De ce fait l’organisation ouest africaine de la santé dans le souci d’aider les états de l’Afrique de l’ouest à mieux prendre en compte les mesures pour la prévention des crises, mieux trouver les moyens de lutter efficacement contre les pandémies, du fait de la prolifération des agents pathogènes non encore maîtrisés.

La deuxième réunion annuelle du réseau régional ouest africaine des laboratoires de référence se tient à Lomé du 28 au 30 Mars 2022 voit la participation des experts du comité technique ayant élaboré l’ensemble des stratégies à suivre dans le cas d’espèce.

La rencontre se déroule à Lomé la capitale togolaise, avec pour ordre du jour de présenter les actions encours dans un premier temps, de montrer les niveaux d’avancement, les forces et faiblesses, puis les moyens à mettre en œuvre pour la concrétisation des objectifs tels que le renforcement des laboratoires, également les méthodes à initier pour faire valoir les informations à même de servir d’indicateurs à la prise de décision.

Durant trois jours, les services de laboratoire vont mener des travaux, echanges et discussion afin de fournir des résultats impératifs à cet effet.

Il est de notoriété que la crise liée à la résistance aux antimicrobiens est due au fait que la plupart des prises en charge des maladies, ne tiennent souvent pas compte de certaines prophylaxies indicatives.

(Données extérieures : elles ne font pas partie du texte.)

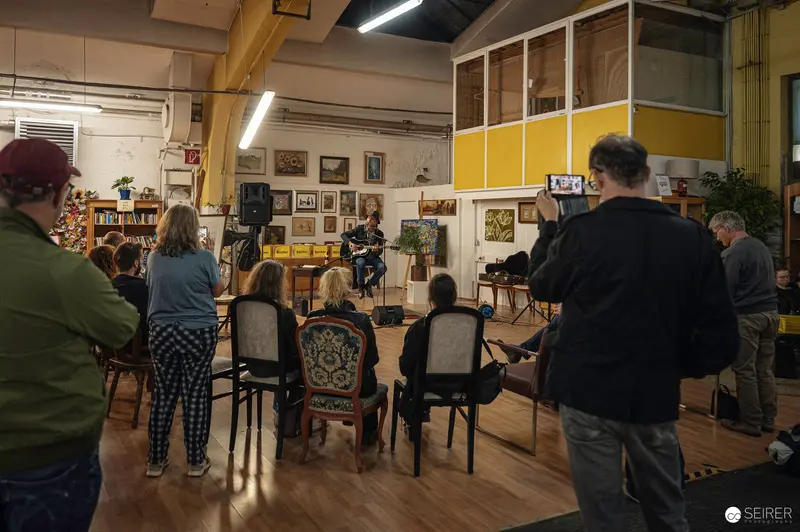 Ernst Molden Performing Intimate Acoustic Set at Carla Mittersteig Venue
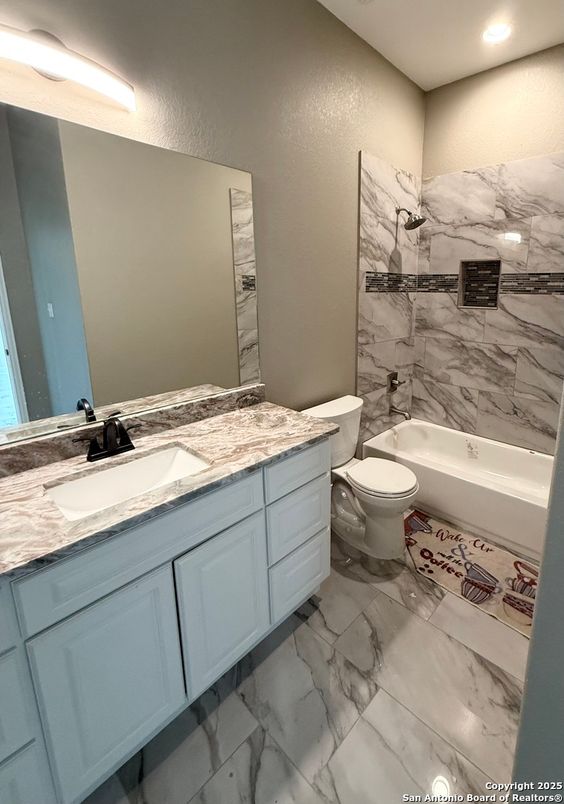 Bathroom, Dual Sink Vanities, Interior, Marble, Marble Walls, Recessed Lighting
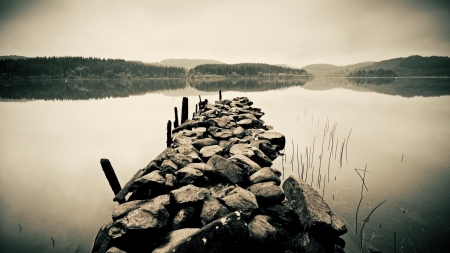 rocky wharf in a lake in monochrome - lake, wharf, monochrome, rocks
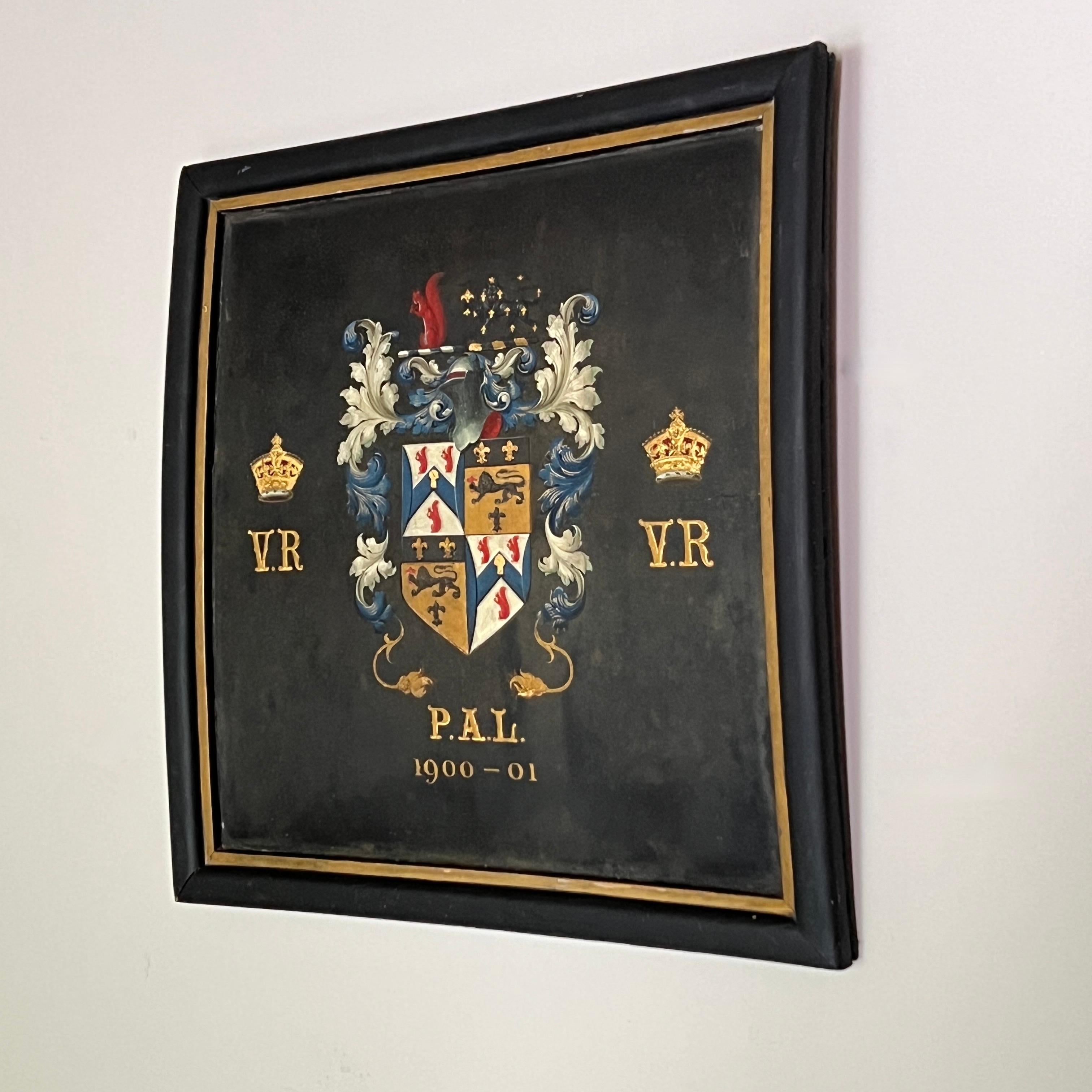 A stunning Framed Hand-Painted Coat of Arms Coach Panel from circa 1900. The piece is beautifully executed with meticulous attention to detail, showcasing the craftsmanship of a skilled artist. The panel features a gentle curve, typical of coach
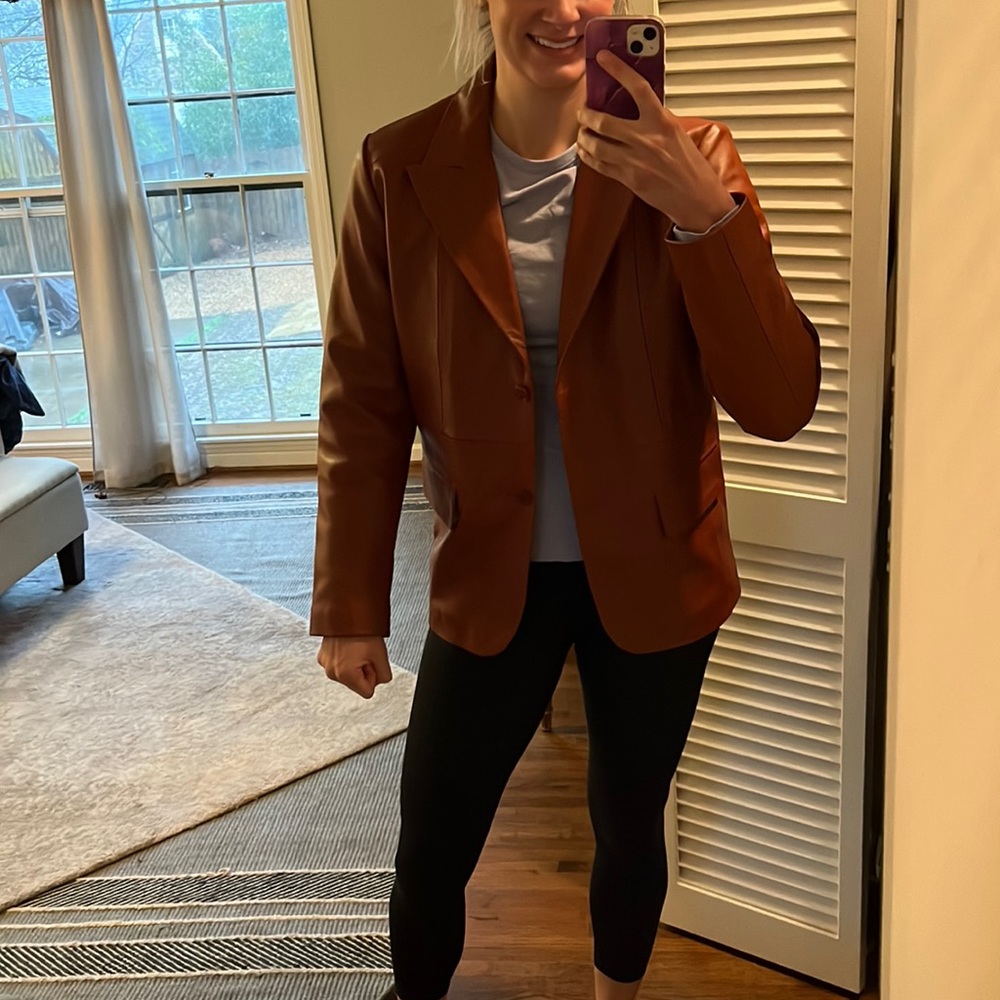 Reddish brown leather jacket. Ladies large.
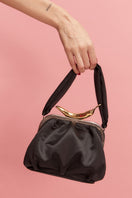 Sarah's Bag black leather shoulder bag with chili design, featuring a sleek Bella style with a shoulder strap and compact shape.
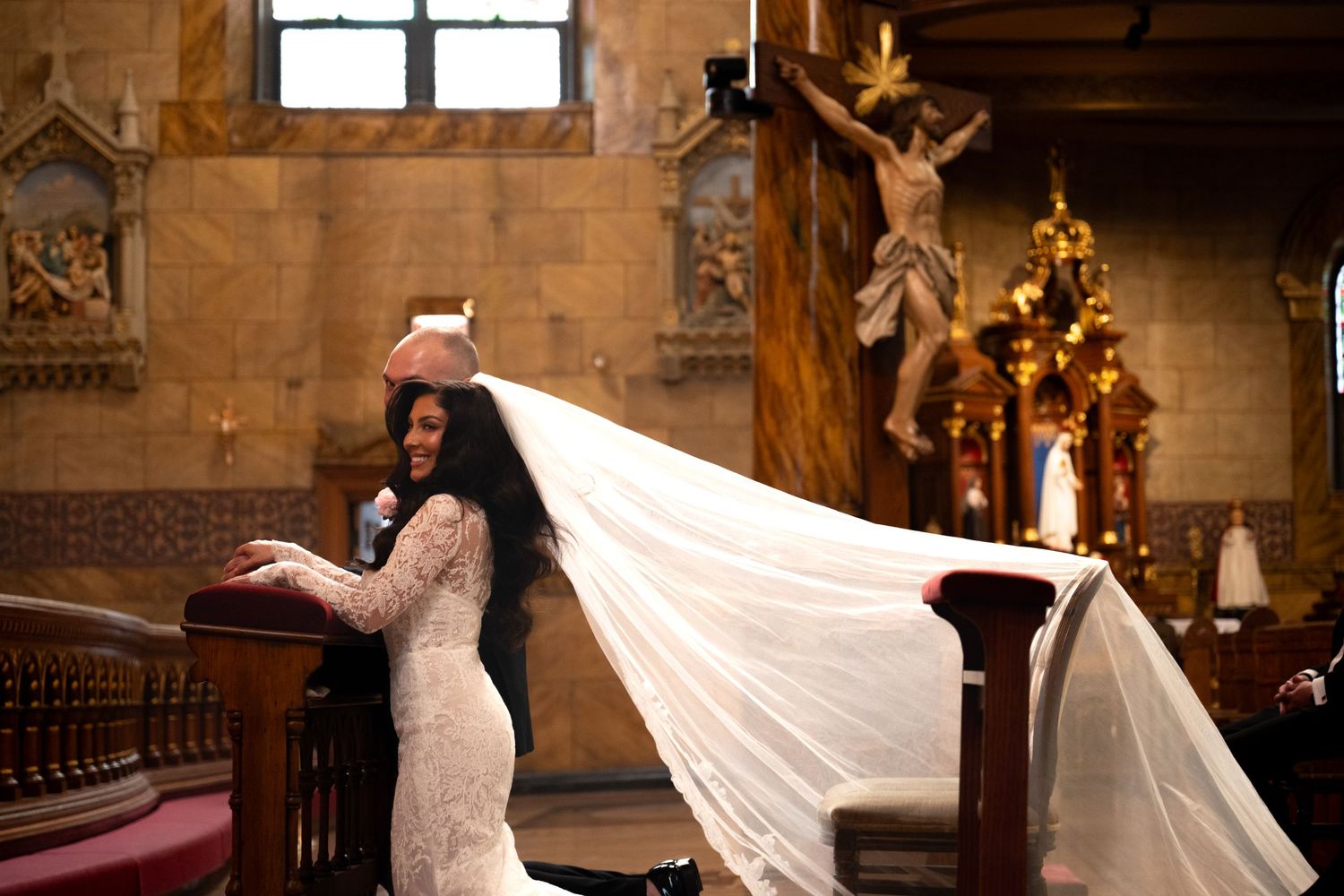 A couple shares an intimate dance moment in a grand church setting with ornate decorations and warm lighting.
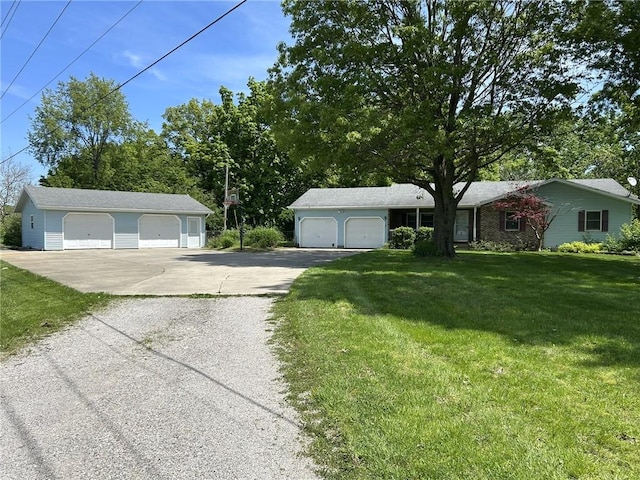 3002 N Charlotte St, Effingham, IL 62401 - view of front of house featuring a garage, a front lawn, and an outdoor structure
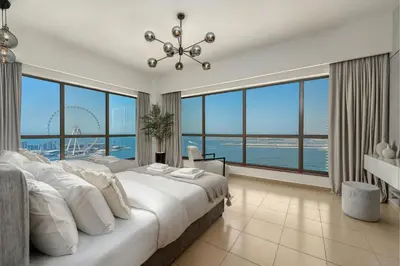 a bedroom with a large bed and large windows at Luxury Dubai Eye View Living - Beach access I Marina Walk in Dubai
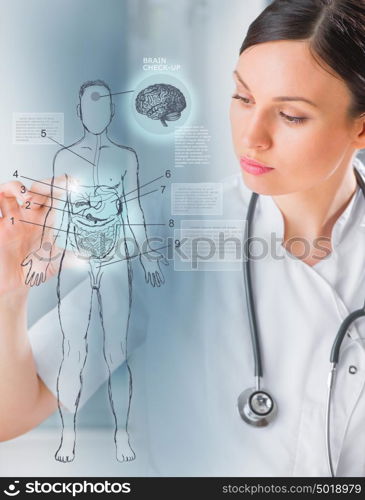 Female medical doctor working with virtual interface examining human male body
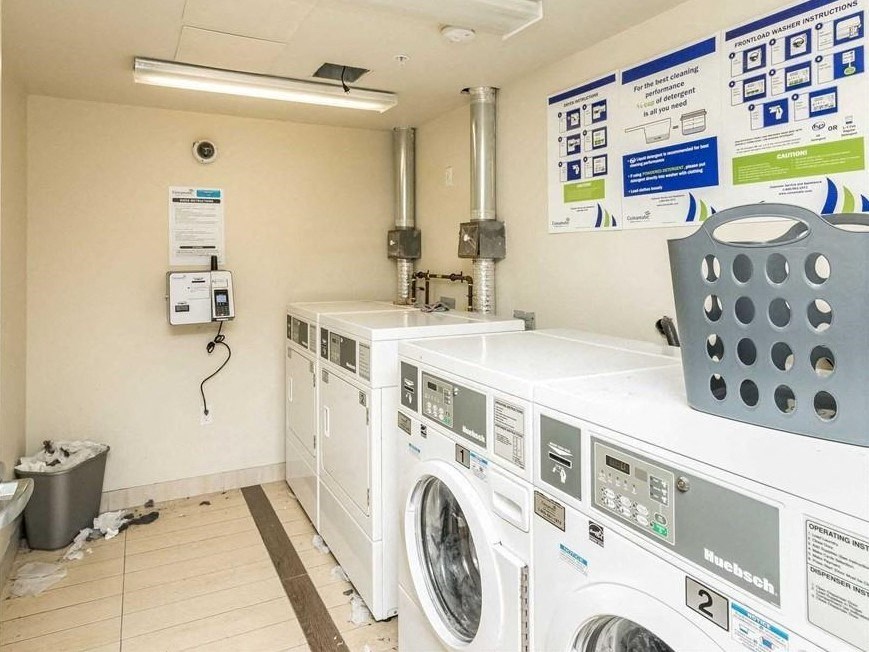 a washing machine and other laundry machines in a laundromat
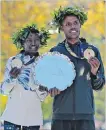  ?? SETH WENIG THE ASSOCIATED PRESS ?? First-place finishers Mary Keitany of Kenya and Lelisa Desisa of Ethiopia pose for a picture at the finish line of the New York City Marathon on Sunday.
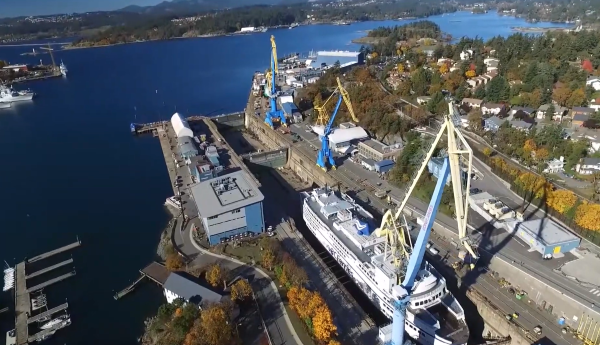 Vue aérienne de la cale sèche d’Esquimalt et d’un grand navire accosté sous une grue.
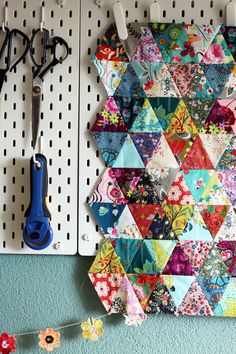 scissors are hanging on the pegs next to a colorful quilt and crafting supplies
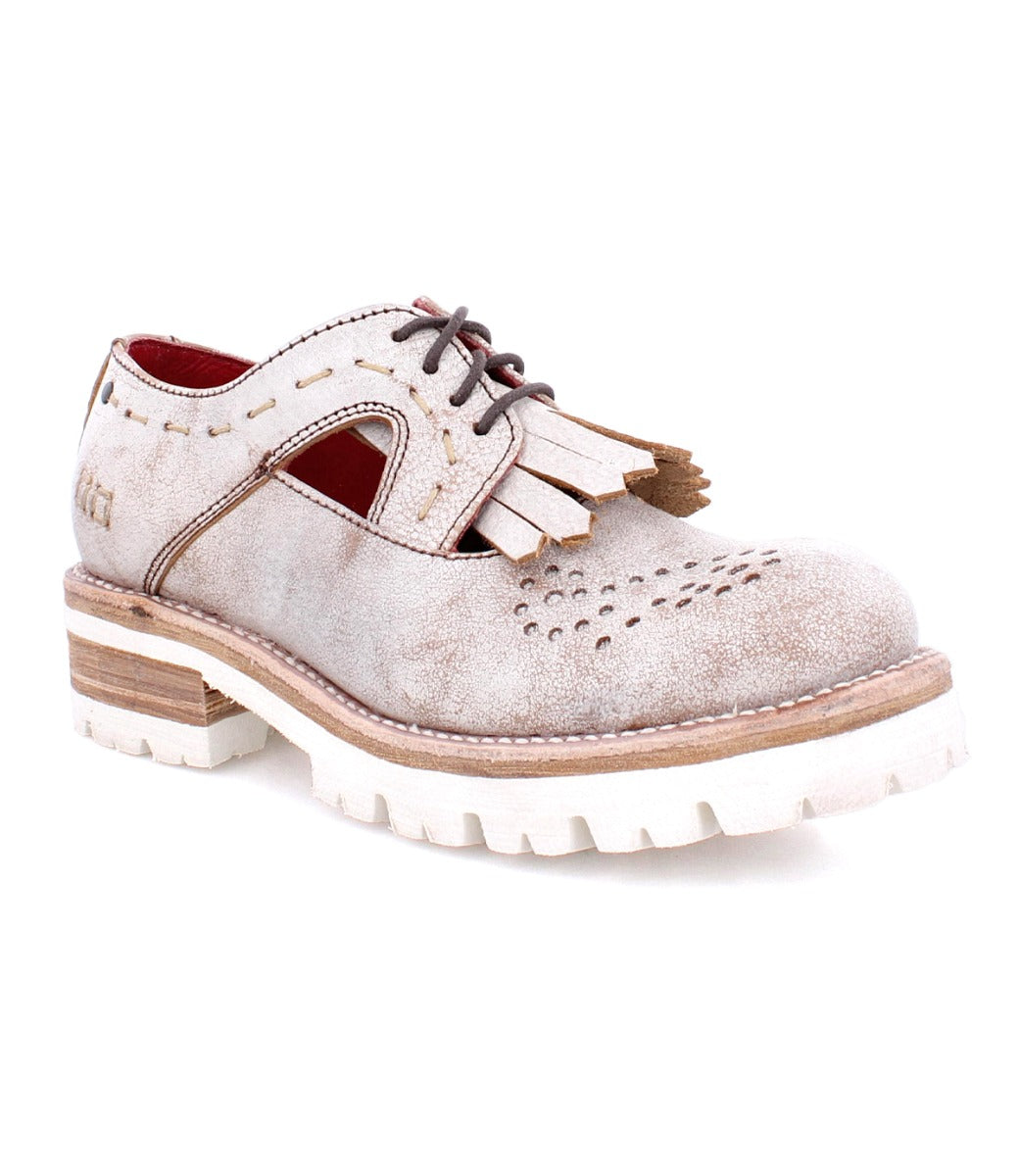 An Anise shoe by Bed Stu with tassels and a white sole.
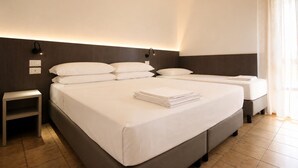 A hotel room with a large bed, a smaller bed, a nightstand, and a wall-mounted light fixture. - Residence Columbia (San Michele al Tagliamento)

De ce fait, il se développe des résistances et de formes variées de virus, de microbes et de fongites qui dans leur mutation, provoquent des maladies difficilement soutenables par les molécules connues jusqu’à ce jour.

Aussi, les laboratoires ne se trouvent plus à même de détecter ce type de microbe, et en l’absence de registre d’information sur les cas de maladies constatées, dont nombre en circulation, on remarque une croissance rapide du taux de prévalence, et de mortalité sans en savoir les causes réelles.

C’est donc pour palier à cet état de fait que l’OOAS aura fait œuvre utile en regroupant à Lomé les experts et cadres de laboratoires sanitaires, pour en sommes prendre les mesures appropriées.

Dans ce cadre, il a été fait mention de ce que même la qualité de la chaîne alimentaire et environnementale fait de qualité malsaine des coins et des gîtes larvaires joue en matière de la résistance aux antimicrobiens.

Raison pour laquelle, un protocole de surveillance établi a été montré en terme de démarche à suivre. Ceci a été précédé des différentes pratiques de surveillance de l’environnement pour la mitigation des risques de prolifération des agents pathogènes et sources de contagions. Les cas du Ghana et du … ont été présentés.

En somme, la santé à partir de ce moment, tient compte de la qualité de vie. Ainsi le représentant du Niger a mentionné que les avancées observées dans leur pays en terme d’amélioration de la qualité de vie a amener à constater la disparition de certaines maladies.

C’est à croire que la rencontre de Lomé fonde l’espoir de voir une Afrique de l’ouest dénudée des crises sanitaires, et pour le Togo, cette rencontre revêt d’une double importance, dans la mesure où, le Togo a entamé la noble ambition de la mise en place de la couverture sanitaire universelle.